“May I give you some advice?” the hairy-chested man asked as he popped his goggles up onto his swim cap. “Shorter kicks. Use a kickboard to learn. It’s not as easy as it looks.” And just like that, he dropped his goggles back down and swam 900 more laps, as I tried to catch my breath from the two-and-a-half I’d just completed. All right, fine. It was more like two-and-a-quarter.
I never was much of a swimmer growing up. My family didn’t have a pool, live near a lake or anything like that. My summers were spent playing in the woods and on baseball diamonds. But my apartment complex has a pool, so I thought I’d give lap-swimming a shot.
I was caught off guard by this man’s sudden critique. I didn’t expect my freestyle form to become a topic of discussion at the neighborhood pool. Who is this guy? Use a kickboard? Thanks, Ryan Lochte. “Piss off,” was my initial thought. I don’t care about what you have to say, or your stupid swim cap.
We don’t like when people offer criticism. We take it personally.
“Excuse me? Are you saying I’m not perfect?”
I think we all tend to forget (or don’t care to admit) that our species, while remarkable in many ways, is a work-in-progress. Our prefrontal lobes are too small and our adrenal glands are too big. We fall victim to our own egos. Too often, it seems our first instinct is to regard those who offer critiques as our enemies.
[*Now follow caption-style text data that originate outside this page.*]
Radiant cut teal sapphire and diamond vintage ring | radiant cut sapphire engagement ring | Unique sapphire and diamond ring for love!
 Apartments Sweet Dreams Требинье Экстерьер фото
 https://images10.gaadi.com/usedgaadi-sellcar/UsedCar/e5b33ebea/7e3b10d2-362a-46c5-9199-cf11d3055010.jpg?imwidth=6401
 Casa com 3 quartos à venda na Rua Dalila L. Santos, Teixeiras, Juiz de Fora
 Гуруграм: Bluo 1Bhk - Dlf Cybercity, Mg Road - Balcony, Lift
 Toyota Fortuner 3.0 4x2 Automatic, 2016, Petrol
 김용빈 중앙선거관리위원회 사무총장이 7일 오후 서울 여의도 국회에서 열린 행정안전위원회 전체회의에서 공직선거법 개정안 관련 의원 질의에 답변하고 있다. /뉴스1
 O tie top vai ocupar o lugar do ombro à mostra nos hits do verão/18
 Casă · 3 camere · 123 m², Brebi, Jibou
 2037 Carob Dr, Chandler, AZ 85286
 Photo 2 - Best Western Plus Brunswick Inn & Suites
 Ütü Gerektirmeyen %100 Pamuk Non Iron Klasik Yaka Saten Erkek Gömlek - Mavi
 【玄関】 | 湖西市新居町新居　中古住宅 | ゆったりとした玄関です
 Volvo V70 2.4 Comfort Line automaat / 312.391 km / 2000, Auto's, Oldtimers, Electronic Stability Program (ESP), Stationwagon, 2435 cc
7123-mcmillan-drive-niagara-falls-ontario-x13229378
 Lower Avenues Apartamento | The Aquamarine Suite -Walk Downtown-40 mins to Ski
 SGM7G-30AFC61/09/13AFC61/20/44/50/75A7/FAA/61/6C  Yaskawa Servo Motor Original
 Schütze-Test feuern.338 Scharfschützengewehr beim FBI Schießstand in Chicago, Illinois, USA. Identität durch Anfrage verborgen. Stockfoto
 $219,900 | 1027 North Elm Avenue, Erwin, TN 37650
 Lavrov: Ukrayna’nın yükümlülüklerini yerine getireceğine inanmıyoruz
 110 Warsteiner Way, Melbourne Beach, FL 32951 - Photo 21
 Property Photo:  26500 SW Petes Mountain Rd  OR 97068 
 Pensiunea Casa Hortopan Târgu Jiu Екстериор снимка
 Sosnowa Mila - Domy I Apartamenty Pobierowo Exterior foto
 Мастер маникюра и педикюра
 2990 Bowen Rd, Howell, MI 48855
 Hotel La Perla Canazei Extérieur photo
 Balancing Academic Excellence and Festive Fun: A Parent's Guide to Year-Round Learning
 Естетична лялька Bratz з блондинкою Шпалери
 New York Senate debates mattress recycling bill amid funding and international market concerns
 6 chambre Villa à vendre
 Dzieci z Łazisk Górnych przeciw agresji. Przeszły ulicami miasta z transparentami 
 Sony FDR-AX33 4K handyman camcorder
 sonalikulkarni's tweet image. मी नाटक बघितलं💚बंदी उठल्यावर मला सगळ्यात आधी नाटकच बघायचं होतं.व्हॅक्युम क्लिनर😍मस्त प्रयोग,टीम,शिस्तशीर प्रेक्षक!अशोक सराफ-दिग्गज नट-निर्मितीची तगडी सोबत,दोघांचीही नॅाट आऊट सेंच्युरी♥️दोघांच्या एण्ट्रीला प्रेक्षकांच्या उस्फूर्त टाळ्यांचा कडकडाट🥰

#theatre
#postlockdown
But was this man trying to attack me personally or make me feel inferior? No, he was offering help. He saw a flaw in my approach and gave what he deemed to be the solution.
I wouldn’t have known to correct the way to kick if no one had told me. That guy did me a favor. I mean, I’m not saying that I’m going to be using a kickboard anytime soon, but I shouldn’t get annoyed at him. I should thank him for the suggestion.
All of the classes I’ve taken in screenwriting involve some type of workshop process where your peers give notes. I can’t possibly stress how valuable these roundtables are. 12 people all giving rapid-fire feedback on something you’ve written. It’s a golden opportunity for improvement.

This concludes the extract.